The PETA International Science Consortium Ltd. and the U.S. Environmental Protection Agency (EPA) have swooped in to prevent hundreds of birds from being used in pesticide tests.
© iStock.com/Peter Davies
A peer-reviewed paper co-authored by the two entities reviewed 20 years of data from a test for pesticides in which birds are fed pesticide-laced food for days and then monitored for signs of distress, such as regurgitation or death, before being killed. The authors found that there were no cases in which this test identified a risk that wasn’t identified in other required pesticide tests. Therefore, the EPA can confidently protect the environment without poisoning birds in this cruel experiment.

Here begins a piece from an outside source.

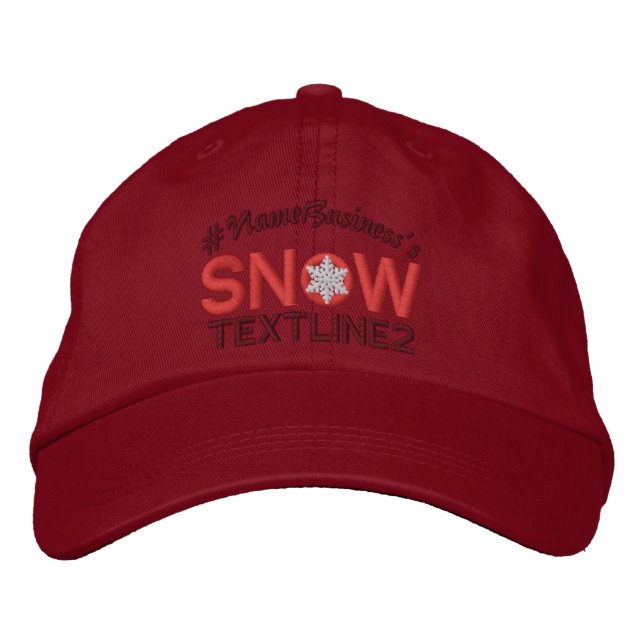 Casquette Brodée Amateurs brodés de neige personnalisés Rouge (Devant)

Based on this paper, the EPA released a policy that will spare hundreds of mallards and northern bobwhite (a species of quail) each year, along with saving time and taxpayer money—resources that can be better spent advancing non-animal methods that can more quickly and reliably predict the effect of chemicals on humans and the environment.

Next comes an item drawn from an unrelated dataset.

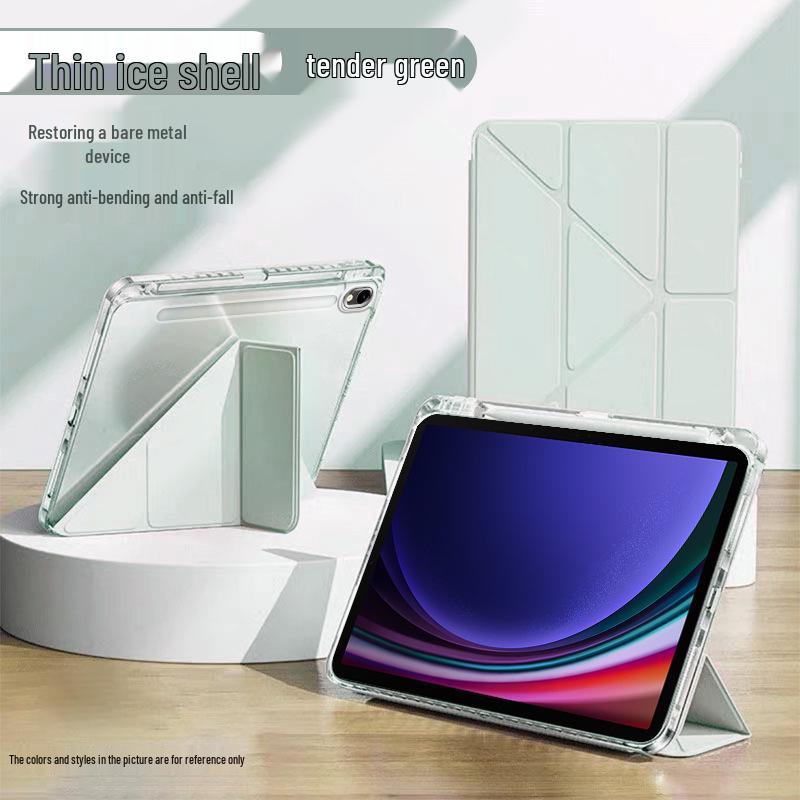 Samsung Galaxy Tab S9 Protective Case: 3+Y Fold, Transparent Acrylic, Full Coverage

This policy follows the groundbreaking news that the EPA plans to stop funding and requesting tests on mammals by 2035. PETA first put animal rights on the EPA’s agenda 20 years ago, and while we wish animal tests would stop now—or had never started—this is the first time a U.S. regulatory agency has made such a commitment. In fact, the EPA administrator announced that this collaborative project to save birds was the “first action after my recent directive to aggressively reduce animal testing throughout the Agency.” We hope it’s the first of many as our scientists continue to work with the EPA and other regulatory agencies to end tests on all animals.